A boost in self-assessment tax receipts and a bumper flow of capital gains tax to the exchequer has sent the government’s borrowing bill to its lowest January level in 17 years.
The boost to income generated a surplus of £9.4bn, the highest January surplus since 2000.
However, the surplus for January 2017 was only £300m higher than the same month last year, which was less than City economists had expected.
The latest data means the budget deficit for the year – the difference between tax income and government spending – is 21.6% lower than the same time last year.
In the financial year to date, since last April, public sector net borrowing declined by £13.6bn to £49.3bn, compared with the same period in the previous financial year. The data excludes public sector-owned banks such as Royal Bank of Scotland.

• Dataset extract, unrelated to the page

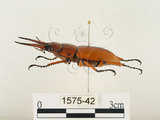 中文名:兩點鋸鍬形蟲(1575-42)學名:Prosopocoilus blanchardi (Parry, 1873)(1575-42)中文別名:雙紅鋸鍬形蟲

The modest boost is expected to put the chancellor, Philip Hammond, in a position to ease some of the Treasury’s planned austerity in the next financial year when he stands up to deliver his first full budget in a fortnight.
A Treasury spokesman said: “We remain committed to returning the public finances to balance and building on our progress in reducing the deficit from 10% to 4% of GDP over the last six years. Next month the chancellor will deliver his spring budget based on updated forecasts from the OBR.”
The Office for National Statistics said self-assessed income tax and capital gains tax receipts increased by £2bn to £19.8bn in January compared with January 2016, pushing the total to the highest January since 1999, when records began.